Concurrence : l’UE enfin armée pour dompter les GAFAM
Six champions de la tech ont jusqu’à jeudi pour se mettre en conformité avec le nouveau règlement européen sur les marchés numériques, sous peine de lourdes sanctions.
Agir plus vite et plus fort contre les abus de position dominante des géants du numérique, c’est la promesse du nouvel arsenal juridique de la Commission européenne qui entre pleinement en vigueur cette semaine mais doit encore tout prouver. Six champions de la tech – les américains Alphabet (Google), Amazon, Apple, Meta (Facebook, Instagram) et Microsoft, ainsi que le chinois ByteDance, propriétaire de TikTok – devront être jeudi en conformité avec le nouveau règlement sur les marchés numériques (DMA), sous peine de lourdes sanctions. Il s’agit d’une révolution pour le droit de la concurrence.
Après des années de procédures interminables – et souvent vaines – pour tenter de mettre fin à leurs pratiques anticoncurrentielles, l’Union européenne semble avoir tiré les leçons de ses échecs. Le DMA fixe une série d’obligations et d’interdictions sur mesure pour endiguer le type d’actions déloyales qui ont abouti à évincer ou brider la concurrence.
Parmi de nombreux exemples, Google a désormais interdiction d’exploiter le quasi-monopole de son moteur de recherche pour mieux référencer ses propres services comme le comparateur de prix Google Shopping. Apple doit ouvrir ses iPhones à des boutiques d’applications alternatives à son App Store et à des systèmes de paiements concurrents d’Apple Pay…

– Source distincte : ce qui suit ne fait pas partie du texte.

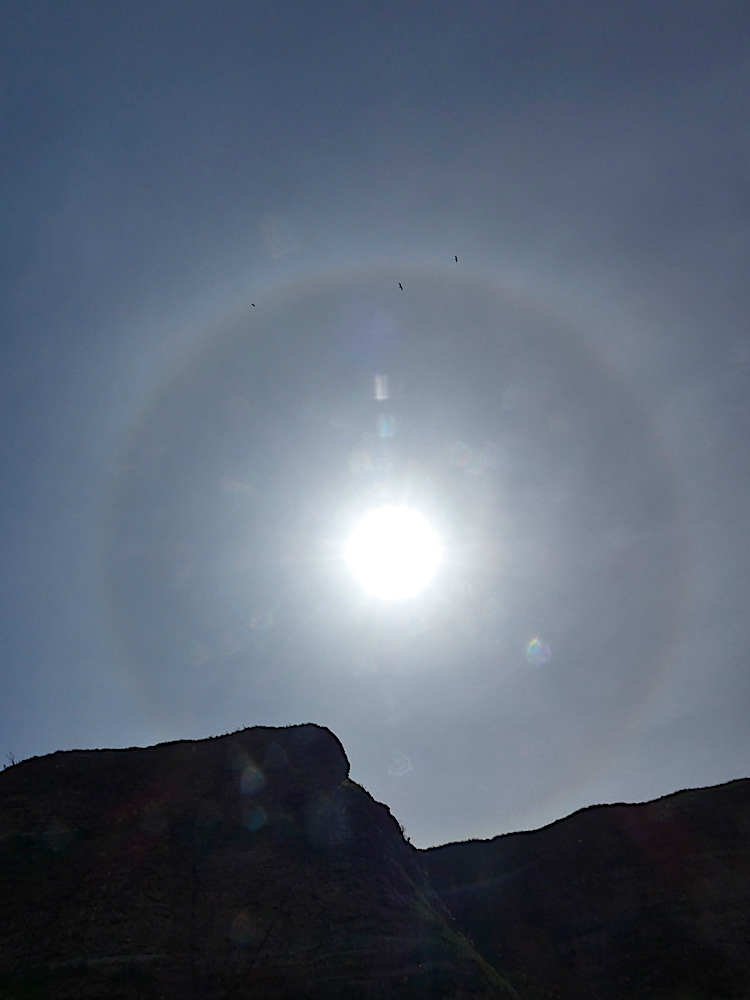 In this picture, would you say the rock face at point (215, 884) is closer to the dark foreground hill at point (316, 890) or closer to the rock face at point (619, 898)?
the dark foreground hill at point (316, 890)

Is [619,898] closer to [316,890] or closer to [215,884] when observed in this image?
[316,890]

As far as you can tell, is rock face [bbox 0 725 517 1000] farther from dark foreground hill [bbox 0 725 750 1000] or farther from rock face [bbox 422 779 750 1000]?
rock face [bbox 422 779 750 1000]

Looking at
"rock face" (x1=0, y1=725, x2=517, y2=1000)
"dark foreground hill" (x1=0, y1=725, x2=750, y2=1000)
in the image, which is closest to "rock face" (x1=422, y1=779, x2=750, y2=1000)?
"dark foreground hill" (x1=0, y1=725, x2=750, y2=1000)

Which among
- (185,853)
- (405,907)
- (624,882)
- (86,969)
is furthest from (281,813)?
(624,882)

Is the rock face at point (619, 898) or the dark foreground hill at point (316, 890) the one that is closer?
the dark foreground hill at point (316, 890)

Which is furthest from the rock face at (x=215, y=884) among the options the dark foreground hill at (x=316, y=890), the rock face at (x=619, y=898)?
the rock face at (x=619, y=898)

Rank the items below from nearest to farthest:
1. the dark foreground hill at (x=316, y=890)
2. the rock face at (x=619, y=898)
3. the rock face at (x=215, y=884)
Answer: the rock face at (x=215, y=884)
the dark foreground hill at (x=316, y=890)
the rock face at (x=619, y=898)

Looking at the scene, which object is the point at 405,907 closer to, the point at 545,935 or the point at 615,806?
the point at 545,935

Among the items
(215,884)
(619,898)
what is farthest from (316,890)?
(619,898) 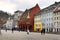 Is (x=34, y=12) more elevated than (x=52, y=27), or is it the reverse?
(x=34, y=12)

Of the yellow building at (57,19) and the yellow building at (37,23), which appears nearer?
the yellow building at (57,19)

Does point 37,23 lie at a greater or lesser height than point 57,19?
lesser

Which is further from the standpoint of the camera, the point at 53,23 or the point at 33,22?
the point at 33,22

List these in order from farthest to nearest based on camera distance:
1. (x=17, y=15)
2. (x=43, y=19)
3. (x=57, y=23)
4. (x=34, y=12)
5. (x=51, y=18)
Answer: (x=17, y=15)
(x=34, y=12)
(x=43, y=19)
(x=51, y=18)
(x=57, y=23)

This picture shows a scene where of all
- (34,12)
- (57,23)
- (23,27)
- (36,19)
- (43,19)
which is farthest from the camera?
(23,27)

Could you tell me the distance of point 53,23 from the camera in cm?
10319

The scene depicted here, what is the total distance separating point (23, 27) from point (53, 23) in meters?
53.4

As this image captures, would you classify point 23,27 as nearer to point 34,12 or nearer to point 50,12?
point 34,12

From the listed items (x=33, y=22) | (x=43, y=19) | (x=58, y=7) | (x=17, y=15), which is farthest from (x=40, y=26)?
(x=17, y=15)

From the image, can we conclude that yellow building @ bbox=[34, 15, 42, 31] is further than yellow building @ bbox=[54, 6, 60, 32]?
Yes

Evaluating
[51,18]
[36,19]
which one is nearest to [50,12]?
[51,18]

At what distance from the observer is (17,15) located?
188250 mm

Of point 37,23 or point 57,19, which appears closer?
point 57,19

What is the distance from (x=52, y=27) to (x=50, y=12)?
8.42 m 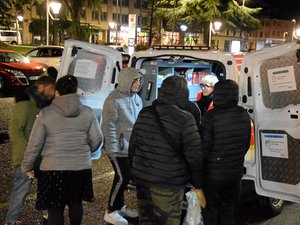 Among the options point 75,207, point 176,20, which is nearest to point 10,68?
point 75,207

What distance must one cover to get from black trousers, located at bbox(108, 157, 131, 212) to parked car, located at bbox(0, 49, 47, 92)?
411 inches

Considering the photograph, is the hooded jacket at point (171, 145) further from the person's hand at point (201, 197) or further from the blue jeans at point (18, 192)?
the blue jeans at point (18, 192)

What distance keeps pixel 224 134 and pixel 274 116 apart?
0.65m

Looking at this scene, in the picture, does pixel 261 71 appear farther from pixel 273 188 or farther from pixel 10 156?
pixel 10 156

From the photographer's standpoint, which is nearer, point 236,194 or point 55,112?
point 55,112

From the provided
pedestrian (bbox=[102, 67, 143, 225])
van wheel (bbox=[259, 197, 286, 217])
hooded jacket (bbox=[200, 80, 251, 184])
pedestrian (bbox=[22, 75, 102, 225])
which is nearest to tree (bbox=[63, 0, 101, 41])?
pedestrian (bbox=[102, 67, 143, 225])

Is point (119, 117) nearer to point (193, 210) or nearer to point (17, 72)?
point (193, 210)

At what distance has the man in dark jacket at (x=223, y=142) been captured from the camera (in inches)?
145

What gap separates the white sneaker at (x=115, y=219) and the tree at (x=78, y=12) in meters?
25.4

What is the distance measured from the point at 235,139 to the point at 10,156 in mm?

«Vu la vitesse à laquelle les marchés numériques évoluent, et vu le temps que prennent les procédures classiques de concurrence, il fallait une capacité d’intervention en amont, au lieu de venir après que le dommage soit matérialisé», explique à l’AFP l’avocat Romain Rard, associé au cabinet Gide.
Les groupes ciblés, désignés en septembre, ont eu six mois pour se préparer et ont multiplié les annonces sur l’adaptation de leurs services aux nouvelles règles, jurant qu’ils les respecteraient. Le doute subsiste néanmoins: «Est-ce une conformité a minima sans vrai changement des comportements des entreprises et, si c’est le cas, jusqu’où la Commission sera-t-elle prête à aller dans l’utilisation du DMA et de ses sanctions les plus élevées?», s’interroge Romain Rard. Vendredi, 34 entreprises et associations professionnelles ont invité la Commission européenne à sévir contre Apple, affirmant que son plan «tourne en dérision» le DMA.
Le nouveau règlement renforce en tout cas les pouvoirs de Bruxelles. Les règles de concurrence classiques prévoient des amendes pouvant atteindre 10% du chiffre d’affaires mondial ; avec le DMA, ce sera jusqu’à 20%, en cas de récidive. Depuis 2017, Google a cependant déjà été condamné à plus de 8 milliards d’euros d’amendes dans l’UE, sans résoudre les abus identifiés. Mais ses profits s’élèvent à près de 20 milliards… par trimestre. C’est pourquoi la Commission s’est aussi dotée, avec le DMA, du pouvoir de démanteler le contrevenant, en lui imposant la vente d’une partie de ses activités. La mesure s’apparente à une «bombe atomique». L’UE osera-t-elle l’employer?
«Nous discutons depuis des mois avec les entreprises pour leur faire comprendre que les règles du jeu ont changé. Toute entreprise non conforme s’exposera à des sanctions sévères», a prévenu le commissaire européen au Numérique, Thierry Breton.
L’exécutif européen va désormais analyser les plans de conformité et poursuivre le dialogue avec les géants et tiers concernés. Outre des sanctions «a posteriori» des abus de position dominante, les nouvelles règles imposent des règles en amont, permettant à la Commission d’intervenir plus vite, et simplifient la charge de la preuve. Les poursuites contre Google pour pratiques anticoncurrentielles sur le marché des comparateurs de prix avaient démarré en 2010: il a fallu attendre 2017 pour que Bruxelles inflige une amende de 2,4 milliards d’euros.
Et après de nombreux recours, on attend encore le verdict final de la justice européenne sur ce dossier. Le nouveau règlement, désormais, fixe un délai de 12 mois entre l’ouverture d’une procédure et une décision. Pour éviter les stratégies d’étouffement des avocats qui inondent le régulateur avec des centaines de pages de dossiers, une limite de 50 pages est désormais fixée.
«C’est une étape importante qui va permettre des progrès», estime Andrea Collart, spécialiste de l’antitrust pour le cabinet Forward Global. «Le DMA tente de répondre de façon concrète aux besoins des concurrents qui aujourd’hui ne peuvent pas rivaliser avec les géants du numérique».